TO DO
Copy the full listing, changing nothing.

LISTED RECORDS
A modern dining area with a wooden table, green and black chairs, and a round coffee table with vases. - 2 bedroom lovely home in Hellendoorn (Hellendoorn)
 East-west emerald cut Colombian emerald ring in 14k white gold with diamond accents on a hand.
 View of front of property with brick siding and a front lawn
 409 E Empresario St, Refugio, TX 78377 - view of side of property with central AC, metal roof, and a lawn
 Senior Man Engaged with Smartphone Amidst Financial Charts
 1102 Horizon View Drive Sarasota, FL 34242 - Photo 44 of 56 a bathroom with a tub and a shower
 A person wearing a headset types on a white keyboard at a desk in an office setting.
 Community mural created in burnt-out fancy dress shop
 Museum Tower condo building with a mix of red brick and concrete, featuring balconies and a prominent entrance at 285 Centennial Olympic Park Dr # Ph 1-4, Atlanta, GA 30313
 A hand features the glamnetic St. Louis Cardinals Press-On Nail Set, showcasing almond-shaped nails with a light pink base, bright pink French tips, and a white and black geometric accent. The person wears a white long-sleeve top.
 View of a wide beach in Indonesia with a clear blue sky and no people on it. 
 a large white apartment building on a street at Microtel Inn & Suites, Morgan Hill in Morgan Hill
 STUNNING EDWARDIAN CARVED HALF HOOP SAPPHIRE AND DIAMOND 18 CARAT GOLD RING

ANSWER BELOW
A modern dining area with a wooden table, green and black chairs, and a round coffee table with vases. - 2 bedroom lovely home in Hellendoorn (Hellendoorn)
 East-west emerald cut Colombian emerald ring in 14k white gold with diamond accents on a hand.
 View of front of property with brick siding and a front lawn
 409 E Empresario St, Refugio, TX 78377 - view of side of property with central AC, metal roof, and a lawn
 Senior Man Engaged with Smartphone Amidst Financial Charts
 1102 Horizon View Drive Sarasota, FL 34242 - Photo 44 of 56 a bathroom with a tub and a shower
 A person wearing a headset types on a white keyboard at a desk in an office setting.
 Community mural created in burnt-out fancy dress shop
 Museum Tower condo building with a mix of red brick and concrete, featuring balconies and a prominent entrance at 285 Centennial Olympic Park Dr # Ph 1-4, Atlanta, GA 30313
 A hand features the glamnetic St. Louis Cardinals Press-On Nail Set, showcasing almond-shaped nails with a light pink base, bright pink French tips, and a white and black geometric accent. The person wears a white long-sleeve top.
 View of a wide beach in Indonesia with a clear blue sky and no people on it. 
 a large white apartment building on a street at Microtel Inn & Suites, Morgan Hill in Morgan Hill
 STUNNING EDWARDIAN CARVED HALF HOOP SAPPHIRE AND DIAMOND 18 CARAT GOLD RING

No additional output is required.